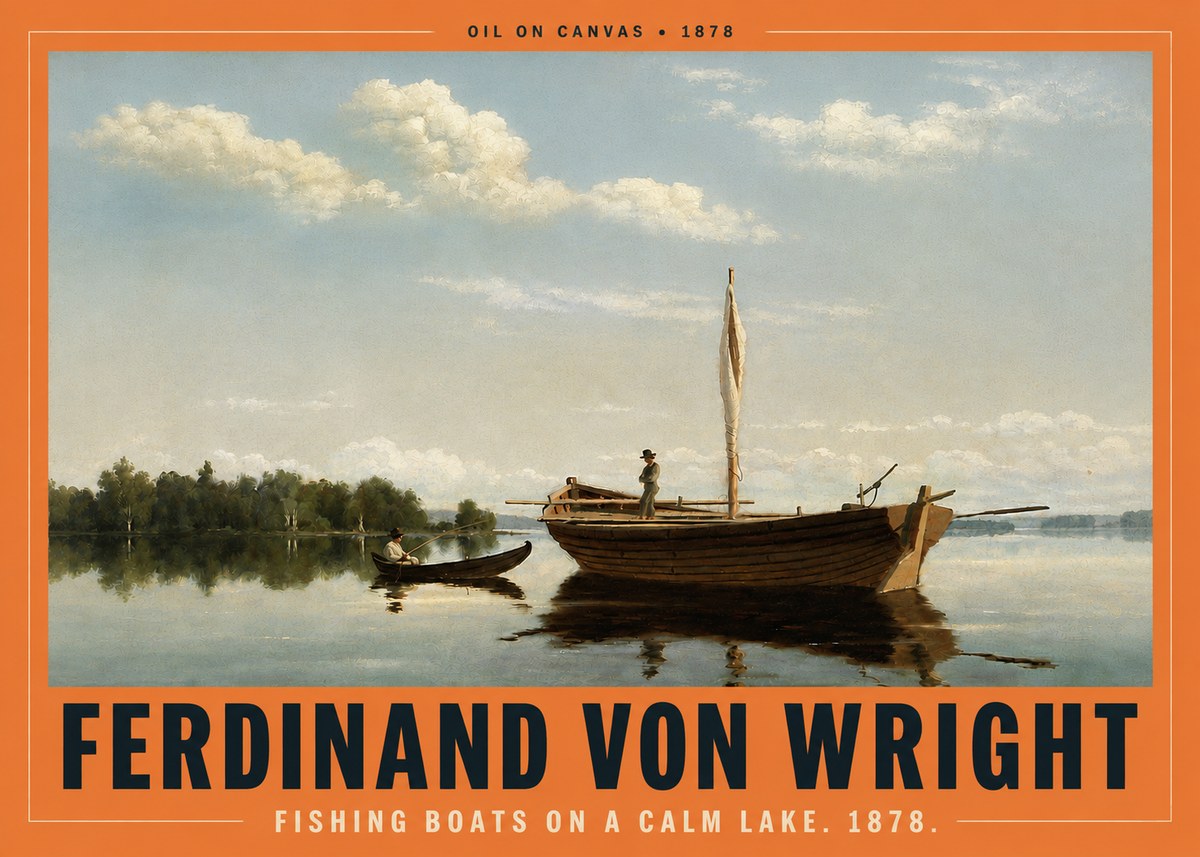 Ferdinand von Wright Fishing Boats on a Calm Lake. 1878. No4 - Affiche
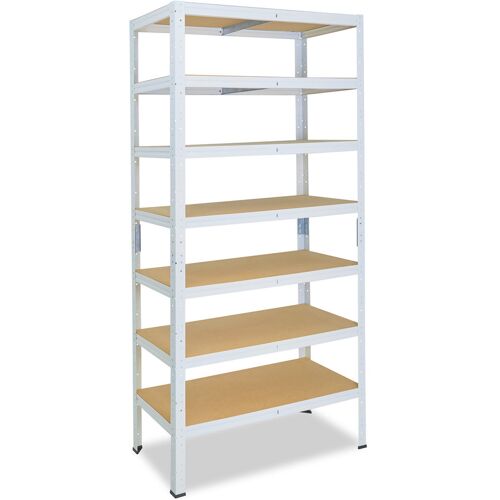 shelfplaza HOME 200x100x45 cm Schwerlastregal in weiß mit 7 Böden und 125 kg Traglast pro Boden
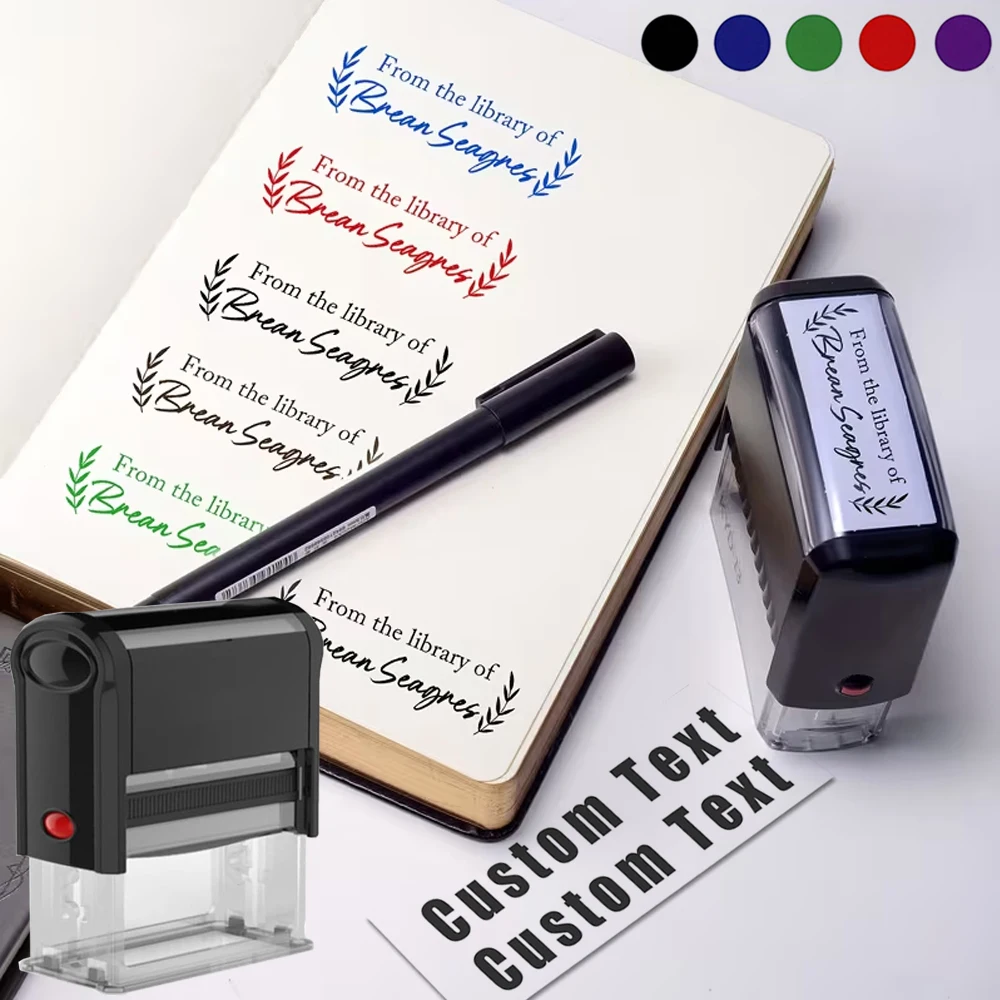 Custom Your Own Design Self-Inking Rubber Stamp - Personalised Custom LOGO Stamps for Business,Company Stamp with 5 Ink Colors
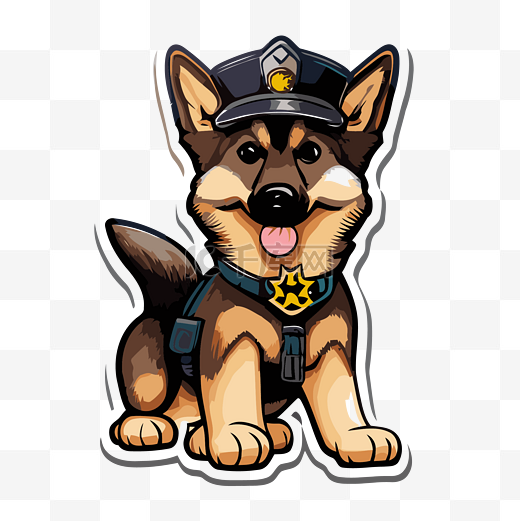 警察卡通德国牧羊犬小狗贴纸 向量图片
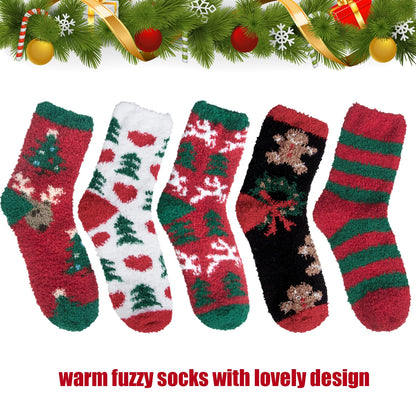 iCamter 5 Pairs Womens Fluffy Fuzzy Socks Cute Warm Winter Slipper Cozy Socks for Women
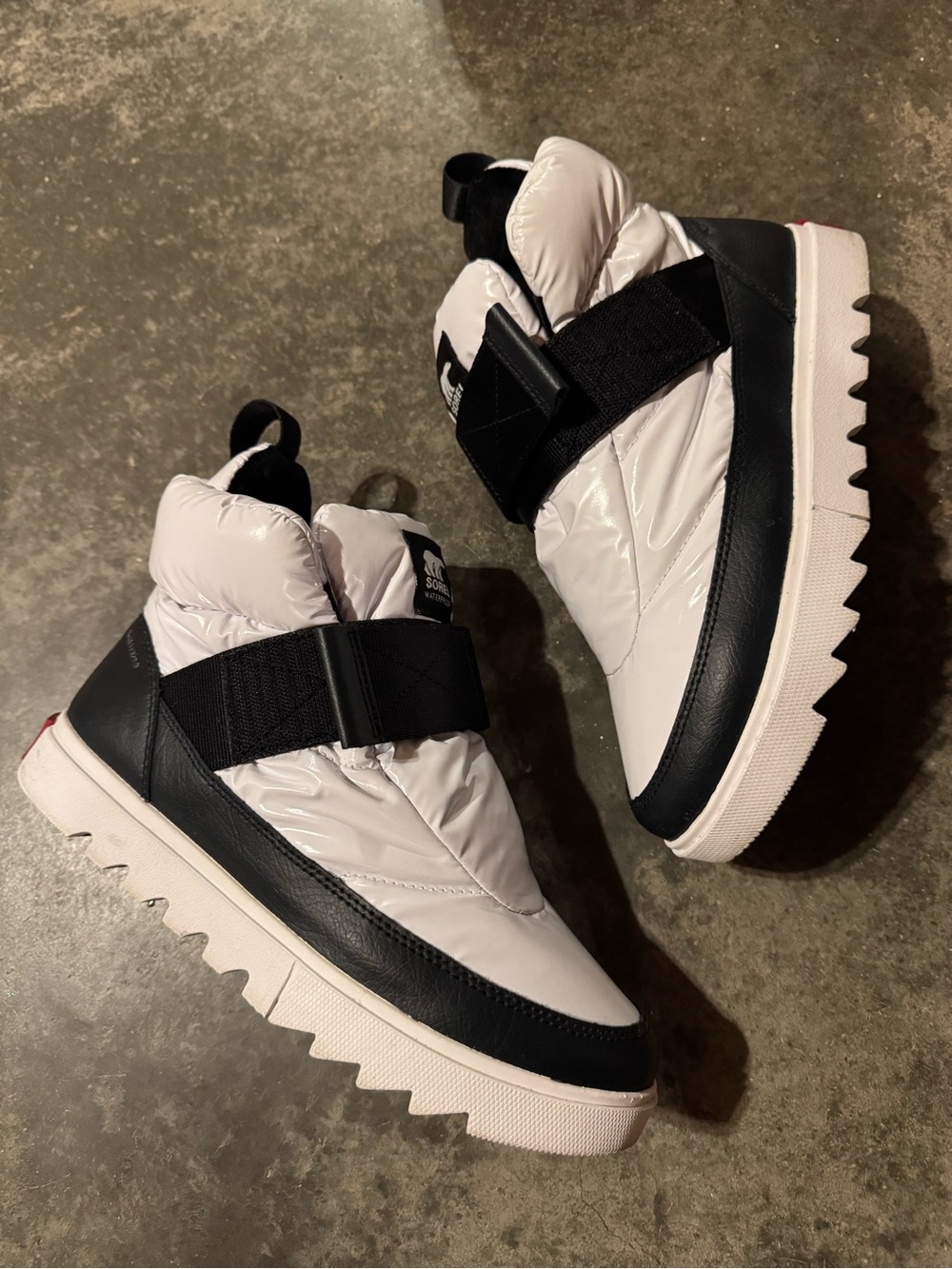 Sorel Joan of Artic Next Lite Strap Puffy Sneaker Boot in White and Black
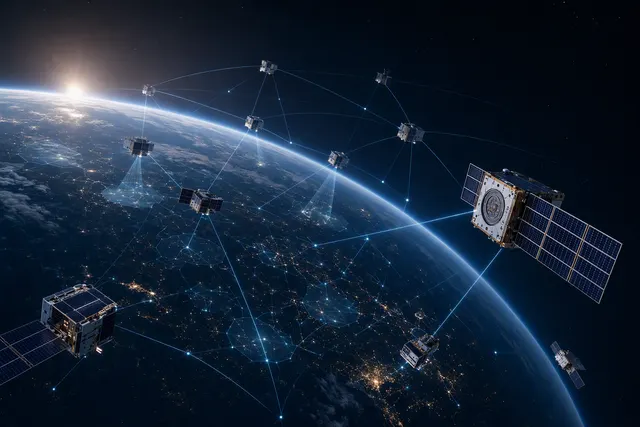 AI-generated illustration accompanying an article about China’s orbital computing satellite programs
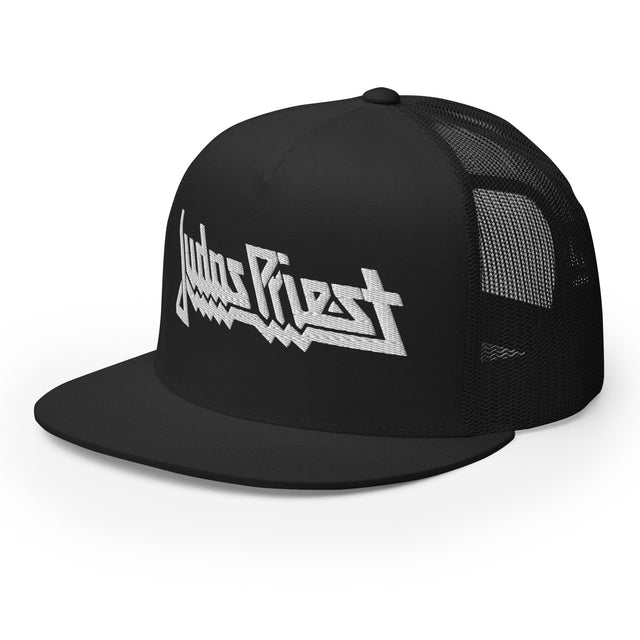 Judas Priest Electric White Logo Embroidered Trucker Hat []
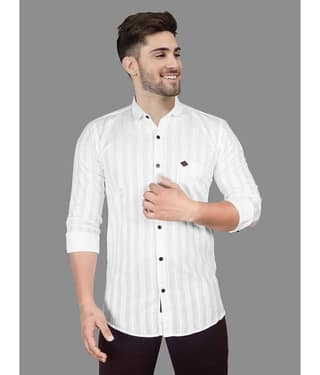 JB JUST BLACK 100% Cotton Slim Fit Striped Rollup Sleeves Men's Casual Shirt - White ( Pack of 1 )
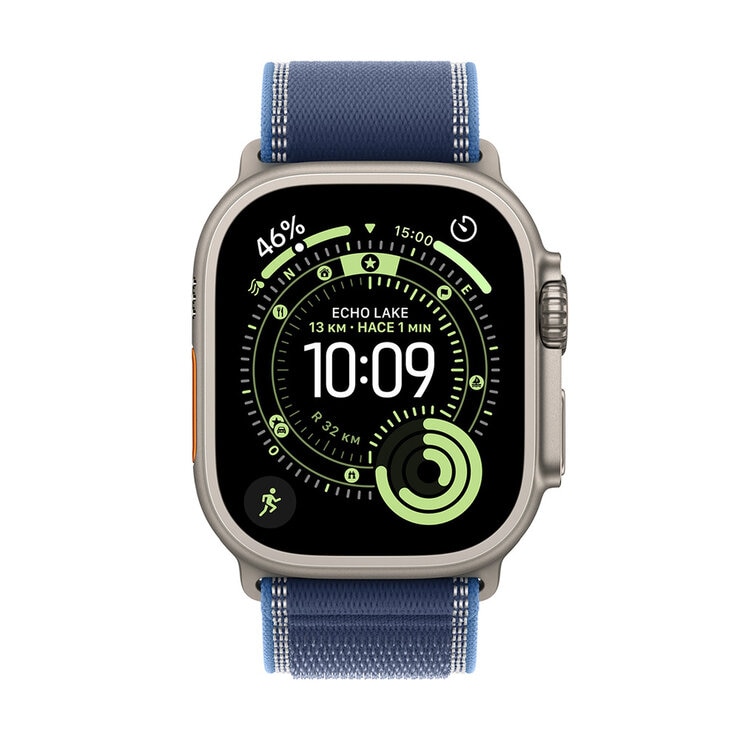 Apple Watch Ultra 3 (GPS + Celular) 49mm Titanio Natural + Correa Trail Azul / Azul Brillante - Talla M/L Apple Watch Ultra 3 (GPS + Celular) 49mm Titanio Natural + Correa Trail Azul / Azul Brillante - Talla M/L
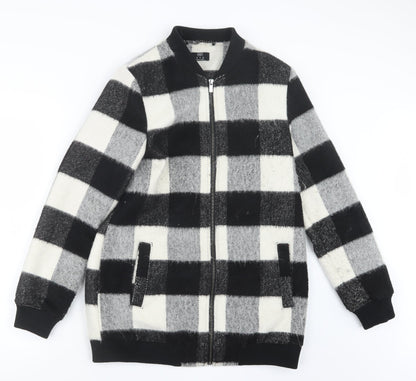 Preloved F&F Womens Black Check  Jacket  Size 10 - Front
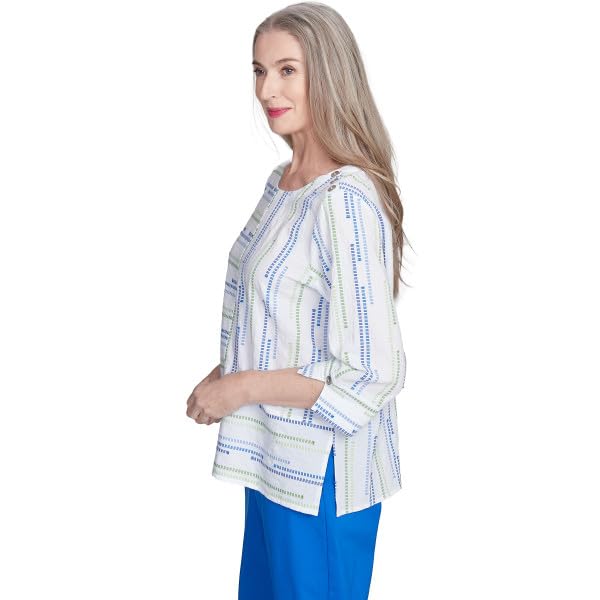 Alfred Dunner Parrot Cay Textured Jaquard Spliced Cotton Top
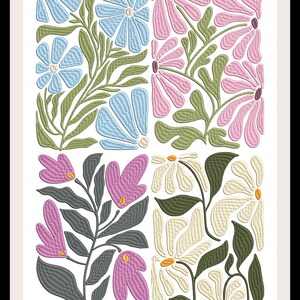 Puede incluir: Una ilustración digital de cuatro patrones florales diferentes. El patrón superior izquierdo presenta flores azules con hojas verdes. El patrón superior derecho presenta flores rosas con hojas verdes. El patrón inferior izquierdo presenta flores moradas con hojas grises. El patrón inferior derecho presenta flores blancas con hojas verdes.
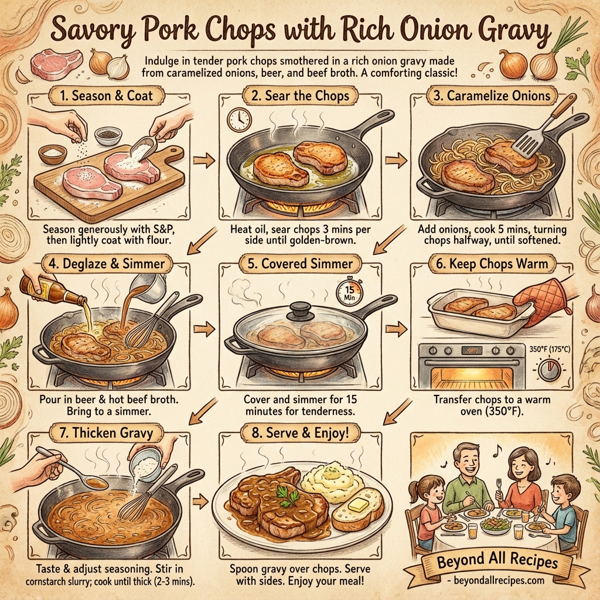 Savory Pork Chops with Rich Onion Gravy instructions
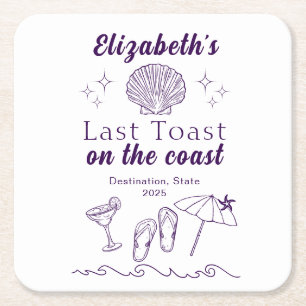 Bachelorette Beach Party Last Toast On the Coast  Square Paper Coaster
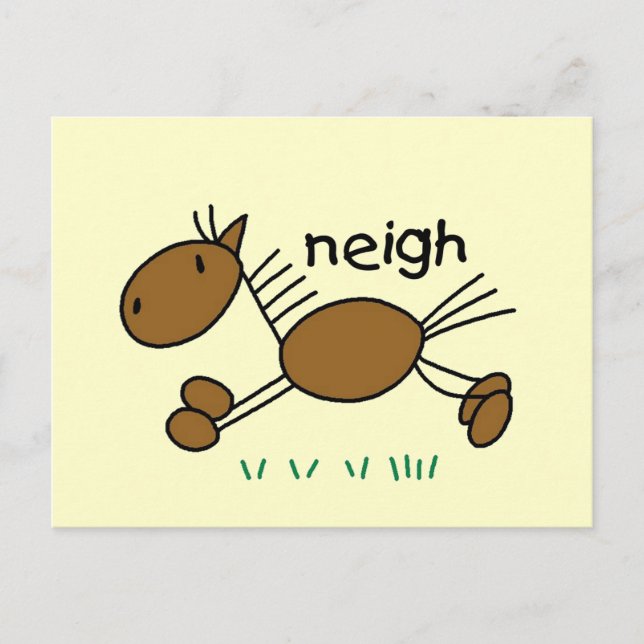 Stick Figure Horse T-shirts and Gifts Postcard (Front)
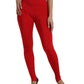 Red Nylon Stretch Slim Leggings Pants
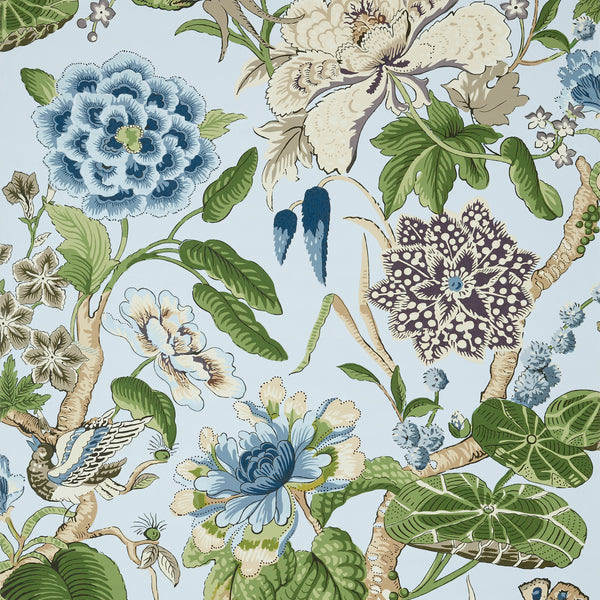 Hill Garden Spa Blue - Spa Blue Wallcovering | Thibaut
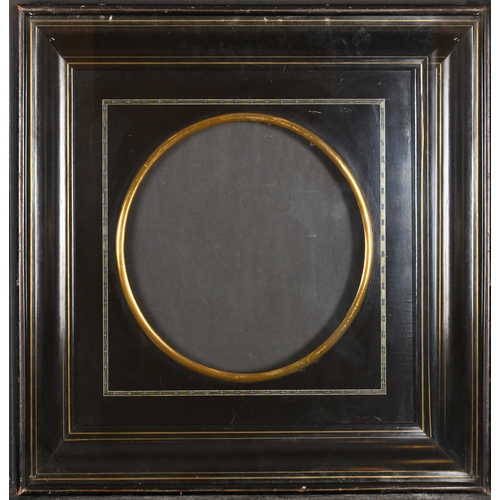 412 - 20th Century English School. A Black Lacquered Frame with a circular slip with a gilt inner edge, re... 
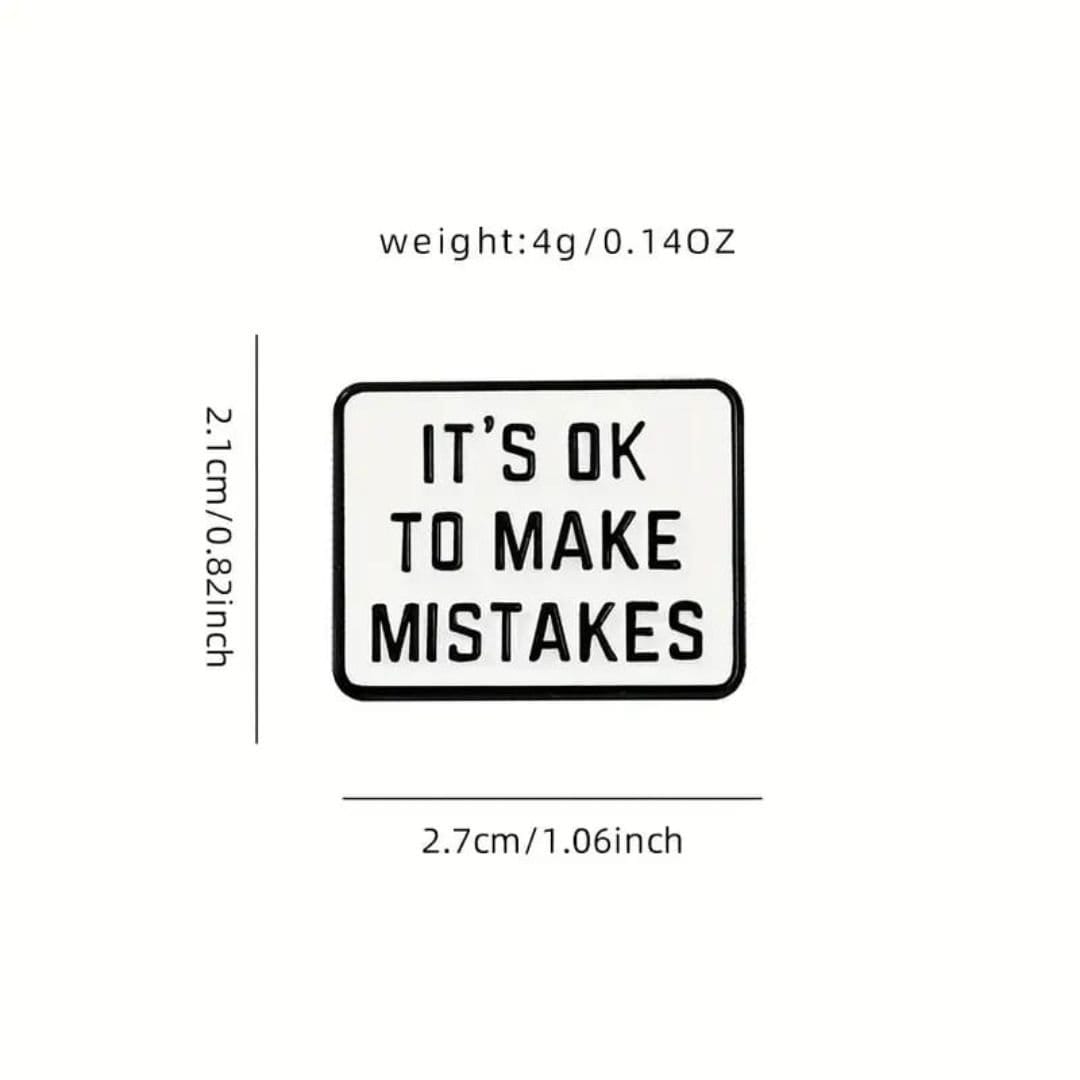 It's OK to Make Mistakes Enamel Pin – Motivational Lapel Pin for Bags, Jackets & Backpacks - Image 2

WHAT TO WORK ON:
Please retype the listing above word for word, skipping each picture.

EXERCISE RESPONSE:
 Ferdinand von Wright Fishing Boats on a Calm Lake. 1878. No4 - Affiche
 shelfplaza HOME 200x100x45 cm Schwerlastregal in weiß mit 7 Böden und 125 kg Traglast pro Boden
 Custom Your Own Design Self-Inking Rubber Stamp - Personalised Custom LOGO Stamps for Business,Company Stamp with 5 Ink Colors
 警察卡通德国牧羊犬小狗贴纸 向量图片
 iCamter 5 Pairs Womens Fluffy Fuzzy Socks Cute Warm Winter Slipper Cozy Socks for Women
 Sorel Joan of Artic Next Lite Strap Puffy Sneaker Boot in White and Black
 AI-generated illustration accompanying an article about China’s orbital computing satellite programs
 Judas Priest Electric White Logo Embroidered Trucker Hat []
 JB JUST BLACK 100% Cotton Slim Fit Striped Rollup Sleeves Men's Casual Shirt - White ( Pack of 1 )
 Apple Watch Ultra 3 (GPS + Celular) 49mm Titanio Natural + Correa Trail Azul / Azul Brillante - Talla M/L Apple Watch Ultra 3 (GPS + Celular) 49mm Titanio Natural + Correa Trail Azul / Azul Brillante - Talla M/L
 Preloved F&F Womens Black Check  Jacket  Size 10 - Front
 Alfred Dunner Parrot Cay Textured Jaquard Spliced Cotton Top
 Puede incluir: Una ilustración digital de cuatro patrones florales diferentes. El patrón superior izquierdo presenta flores azules con hojas verdes. El patrón superior derecho presenta flores rosas con hojas verdes. El patrón inferior izquierdo presenta flores moradas con hojas grises. El patrón inferior derecho presenta flores blancas con hojas verdes.
 Savory Pork Chops with Rich Onion Gravy instructions
 Bachelorette Beach Party Last Toast On the Coast  Square Paper Coaster
 Stick Figure Horse T-shirts and Gifts Postcard (Front)
 Red Nylon Stretch Slim Leggings Pants
 Hill Garden Spa Blue - Spa Blue Wallcovering | Thibaut
 412 - 20th Century English School. A Black Lacquered Frame with a circular slip with a gilt inner edge, re... 
 It's OK to Make Mistakes Enamel Pin – Motivational Lapel Pin for Bags, Jackets & Backpacks - Image 2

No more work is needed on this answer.